Imagine if the force used its considerable resources to actually investigate and stop crime, instead of allowing the thugs inside its ranks to run roughshod like unchecked mini-warlords. 

The last word goes to Chris Andersen and his hard-hitting post about what needs to happen.
Ultimately what is needed here is a national public inquiry on missing and murdered Aboriginal women. The RCMP could play a powerful role in such an inquiry, since they sit on the front lines of these events. A public inquiry would not only allow a sober exploration of the structural inequities that has produced this national tragedy, but it could, as many inquiries do, represent a powerful moment of reconciliation and trust-building between Aboriginal nations, communities and families, on the one hand, and policy agencies, various levels of government and the public, on the other. However, this would require a level of introspection and acknowledgement of responsibility that seems permanently beyond the reach of the RCMP, as most policing agencies. And in remaining so, the RCMP continues to reveal its own heart of darkness: not only its inability to protect Aboriginal women from colonialism’s darkest moments, but its inability to admit its own responsibility in producing the events themselves.
The photo above is from here.

3 comments:

e.a.f. said...

I am not surprised the RCMP think that the list is not credible. If the RCMP said they thought the list was credible then they would be admitting there is a problem and once you have done that, you have to fix it. They aren't going to do that.

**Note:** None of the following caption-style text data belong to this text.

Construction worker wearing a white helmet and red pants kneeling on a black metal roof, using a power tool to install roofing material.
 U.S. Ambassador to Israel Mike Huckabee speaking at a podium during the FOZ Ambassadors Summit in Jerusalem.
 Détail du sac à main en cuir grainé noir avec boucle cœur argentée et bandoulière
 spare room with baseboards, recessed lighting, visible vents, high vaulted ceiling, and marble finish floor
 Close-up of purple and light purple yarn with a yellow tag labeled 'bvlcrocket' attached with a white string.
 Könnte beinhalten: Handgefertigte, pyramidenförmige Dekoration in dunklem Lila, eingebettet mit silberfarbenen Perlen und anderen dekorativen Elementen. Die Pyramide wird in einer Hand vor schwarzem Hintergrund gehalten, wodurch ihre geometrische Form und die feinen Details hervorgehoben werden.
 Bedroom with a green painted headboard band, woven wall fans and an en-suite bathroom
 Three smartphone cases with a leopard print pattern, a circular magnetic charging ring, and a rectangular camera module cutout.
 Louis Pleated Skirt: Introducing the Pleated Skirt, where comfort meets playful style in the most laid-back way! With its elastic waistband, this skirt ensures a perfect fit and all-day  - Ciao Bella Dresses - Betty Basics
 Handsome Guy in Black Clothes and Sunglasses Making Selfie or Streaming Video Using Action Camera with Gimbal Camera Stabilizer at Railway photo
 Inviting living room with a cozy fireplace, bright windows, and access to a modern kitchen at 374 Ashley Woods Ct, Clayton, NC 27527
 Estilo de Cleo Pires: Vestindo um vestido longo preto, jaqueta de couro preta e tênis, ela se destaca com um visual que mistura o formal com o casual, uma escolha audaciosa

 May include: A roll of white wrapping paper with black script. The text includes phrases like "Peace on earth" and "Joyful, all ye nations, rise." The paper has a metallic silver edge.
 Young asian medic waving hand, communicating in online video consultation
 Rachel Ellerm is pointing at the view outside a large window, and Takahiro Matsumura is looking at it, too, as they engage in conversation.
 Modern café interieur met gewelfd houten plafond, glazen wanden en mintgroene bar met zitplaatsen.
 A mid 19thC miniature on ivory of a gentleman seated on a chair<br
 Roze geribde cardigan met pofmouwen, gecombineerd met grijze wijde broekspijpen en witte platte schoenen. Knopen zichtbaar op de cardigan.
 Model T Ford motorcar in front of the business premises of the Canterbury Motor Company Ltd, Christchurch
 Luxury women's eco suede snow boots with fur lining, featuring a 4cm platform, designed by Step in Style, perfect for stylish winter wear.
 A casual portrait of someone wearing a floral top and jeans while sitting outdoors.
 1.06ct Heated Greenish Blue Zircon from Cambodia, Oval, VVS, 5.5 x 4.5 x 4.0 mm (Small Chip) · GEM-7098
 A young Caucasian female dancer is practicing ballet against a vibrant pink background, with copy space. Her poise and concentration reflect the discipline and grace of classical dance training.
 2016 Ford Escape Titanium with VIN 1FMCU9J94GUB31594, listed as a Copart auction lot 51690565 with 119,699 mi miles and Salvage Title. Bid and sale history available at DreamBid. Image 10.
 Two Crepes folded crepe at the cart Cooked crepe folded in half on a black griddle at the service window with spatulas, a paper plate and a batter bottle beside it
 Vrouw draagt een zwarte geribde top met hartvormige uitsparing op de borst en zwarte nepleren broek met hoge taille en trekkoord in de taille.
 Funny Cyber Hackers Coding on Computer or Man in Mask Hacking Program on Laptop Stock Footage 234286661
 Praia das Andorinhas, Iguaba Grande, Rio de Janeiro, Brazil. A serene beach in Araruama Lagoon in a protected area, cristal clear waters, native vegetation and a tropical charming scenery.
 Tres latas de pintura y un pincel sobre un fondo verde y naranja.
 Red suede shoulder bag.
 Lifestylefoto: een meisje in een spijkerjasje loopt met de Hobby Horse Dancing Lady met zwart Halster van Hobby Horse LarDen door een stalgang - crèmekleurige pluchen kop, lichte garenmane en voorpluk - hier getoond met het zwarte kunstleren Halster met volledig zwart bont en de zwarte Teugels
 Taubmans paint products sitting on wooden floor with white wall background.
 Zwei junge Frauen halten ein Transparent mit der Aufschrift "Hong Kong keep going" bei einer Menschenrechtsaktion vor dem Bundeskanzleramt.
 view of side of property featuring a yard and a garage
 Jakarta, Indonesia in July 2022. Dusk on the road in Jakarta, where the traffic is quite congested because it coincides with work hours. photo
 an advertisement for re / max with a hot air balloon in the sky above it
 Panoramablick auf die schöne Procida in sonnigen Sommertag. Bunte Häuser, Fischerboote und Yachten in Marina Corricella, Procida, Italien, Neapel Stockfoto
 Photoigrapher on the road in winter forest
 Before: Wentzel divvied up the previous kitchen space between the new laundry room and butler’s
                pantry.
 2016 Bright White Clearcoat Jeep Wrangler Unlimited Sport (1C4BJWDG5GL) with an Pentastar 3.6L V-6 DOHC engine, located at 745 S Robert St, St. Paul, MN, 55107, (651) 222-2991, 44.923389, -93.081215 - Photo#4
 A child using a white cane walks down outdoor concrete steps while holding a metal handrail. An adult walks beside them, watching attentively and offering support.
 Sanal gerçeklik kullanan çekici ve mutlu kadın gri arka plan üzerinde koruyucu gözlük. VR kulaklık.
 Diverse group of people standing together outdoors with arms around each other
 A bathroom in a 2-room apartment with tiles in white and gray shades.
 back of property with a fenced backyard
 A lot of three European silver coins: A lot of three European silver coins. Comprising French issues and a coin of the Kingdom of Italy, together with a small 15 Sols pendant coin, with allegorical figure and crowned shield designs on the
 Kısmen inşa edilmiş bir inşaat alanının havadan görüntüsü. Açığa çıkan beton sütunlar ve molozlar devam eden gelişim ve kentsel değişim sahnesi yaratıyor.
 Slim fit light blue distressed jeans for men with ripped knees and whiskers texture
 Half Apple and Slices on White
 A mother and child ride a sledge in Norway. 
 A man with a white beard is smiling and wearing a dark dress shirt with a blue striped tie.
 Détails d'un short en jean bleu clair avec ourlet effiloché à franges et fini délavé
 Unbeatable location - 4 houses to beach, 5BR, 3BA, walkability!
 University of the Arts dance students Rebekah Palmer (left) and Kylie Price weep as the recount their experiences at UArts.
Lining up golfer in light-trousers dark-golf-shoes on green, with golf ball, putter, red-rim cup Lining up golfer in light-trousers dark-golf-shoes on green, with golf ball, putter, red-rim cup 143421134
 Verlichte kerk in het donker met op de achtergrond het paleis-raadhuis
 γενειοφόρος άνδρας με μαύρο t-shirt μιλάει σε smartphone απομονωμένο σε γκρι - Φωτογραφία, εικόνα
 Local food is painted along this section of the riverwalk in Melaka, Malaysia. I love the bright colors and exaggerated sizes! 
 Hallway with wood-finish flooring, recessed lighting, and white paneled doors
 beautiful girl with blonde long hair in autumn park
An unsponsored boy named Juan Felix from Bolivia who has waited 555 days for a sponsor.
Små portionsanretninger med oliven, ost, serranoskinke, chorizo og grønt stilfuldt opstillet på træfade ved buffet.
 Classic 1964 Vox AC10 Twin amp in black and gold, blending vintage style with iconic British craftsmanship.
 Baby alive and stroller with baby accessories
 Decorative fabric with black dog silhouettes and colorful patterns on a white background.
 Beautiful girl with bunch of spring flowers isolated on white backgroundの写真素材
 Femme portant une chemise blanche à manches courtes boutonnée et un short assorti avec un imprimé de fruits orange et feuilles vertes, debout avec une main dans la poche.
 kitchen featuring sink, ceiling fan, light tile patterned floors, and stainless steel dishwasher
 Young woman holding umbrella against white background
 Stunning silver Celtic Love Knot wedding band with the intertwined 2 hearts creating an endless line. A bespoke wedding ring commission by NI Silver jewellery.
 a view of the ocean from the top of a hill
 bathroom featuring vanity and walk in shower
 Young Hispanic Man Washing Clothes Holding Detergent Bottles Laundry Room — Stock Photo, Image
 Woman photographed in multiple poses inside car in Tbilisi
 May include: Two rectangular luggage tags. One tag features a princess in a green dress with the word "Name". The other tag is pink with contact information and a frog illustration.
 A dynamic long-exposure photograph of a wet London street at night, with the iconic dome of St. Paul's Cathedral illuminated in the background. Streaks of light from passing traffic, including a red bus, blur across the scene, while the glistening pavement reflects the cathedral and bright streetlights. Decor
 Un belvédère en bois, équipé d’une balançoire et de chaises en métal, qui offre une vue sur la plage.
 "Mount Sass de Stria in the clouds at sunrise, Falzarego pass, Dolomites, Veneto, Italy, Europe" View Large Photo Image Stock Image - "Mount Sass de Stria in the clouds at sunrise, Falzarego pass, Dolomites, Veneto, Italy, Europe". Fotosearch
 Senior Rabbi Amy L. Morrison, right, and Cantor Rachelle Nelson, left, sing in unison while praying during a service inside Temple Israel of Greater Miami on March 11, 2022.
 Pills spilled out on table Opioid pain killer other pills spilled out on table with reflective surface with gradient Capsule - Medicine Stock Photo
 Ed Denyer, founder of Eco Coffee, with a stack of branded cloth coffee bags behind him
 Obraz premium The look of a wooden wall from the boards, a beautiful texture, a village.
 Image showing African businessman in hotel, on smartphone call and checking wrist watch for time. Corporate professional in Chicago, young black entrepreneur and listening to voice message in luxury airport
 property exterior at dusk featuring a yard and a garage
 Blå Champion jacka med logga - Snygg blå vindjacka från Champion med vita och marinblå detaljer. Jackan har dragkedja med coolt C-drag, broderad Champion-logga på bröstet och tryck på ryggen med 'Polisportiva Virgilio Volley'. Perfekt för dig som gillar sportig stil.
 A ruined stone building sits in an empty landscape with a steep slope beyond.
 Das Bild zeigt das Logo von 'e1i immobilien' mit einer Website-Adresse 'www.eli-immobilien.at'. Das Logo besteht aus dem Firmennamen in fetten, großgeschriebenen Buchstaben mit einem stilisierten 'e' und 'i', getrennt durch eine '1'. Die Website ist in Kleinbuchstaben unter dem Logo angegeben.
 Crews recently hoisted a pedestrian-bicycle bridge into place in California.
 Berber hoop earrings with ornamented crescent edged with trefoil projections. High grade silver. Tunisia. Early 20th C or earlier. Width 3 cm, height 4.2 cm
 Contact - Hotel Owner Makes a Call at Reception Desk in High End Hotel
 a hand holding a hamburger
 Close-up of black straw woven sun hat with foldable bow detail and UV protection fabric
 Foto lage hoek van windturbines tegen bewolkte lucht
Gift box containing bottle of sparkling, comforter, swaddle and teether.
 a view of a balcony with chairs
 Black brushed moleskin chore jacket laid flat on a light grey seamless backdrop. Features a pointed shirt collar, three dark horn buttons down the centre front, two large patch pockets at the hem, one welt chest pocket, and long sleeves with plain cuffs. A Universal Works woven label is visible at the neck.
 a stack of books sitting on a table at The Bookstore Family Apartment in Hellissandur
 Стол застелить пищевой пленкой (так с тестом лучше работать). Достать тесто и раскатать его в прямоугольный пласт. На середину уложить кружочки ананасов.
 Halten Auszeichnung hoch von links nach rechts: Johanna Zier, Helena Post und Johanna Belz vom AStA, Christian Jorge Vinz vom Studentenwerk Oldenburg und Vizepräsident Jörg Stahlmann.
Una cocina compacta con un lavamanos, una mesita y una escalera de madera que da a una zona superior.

We have seen how the RCMP has treated women who were RCMP officers. I don't expect them to treat other citizens in this country any differently. What we need to do is change the RCMP or demand they be removed from areas where there are women who have disappeared, murdered, beaten, etc.

Sixth Estate said...

If only there was some ambiguous Statistics Canada figure that captured these missing women, we could get Maurice Vellacott to write a letter requesting an investigation.

Pseudz said...

Our democracy appears to be in grave trouble . . . the flies (Jason Kenney, I'm looking at you) have conquered the fly-paper. People-first, not party-first choices must lead or we're fucked. Lives are being lost. It's now or never.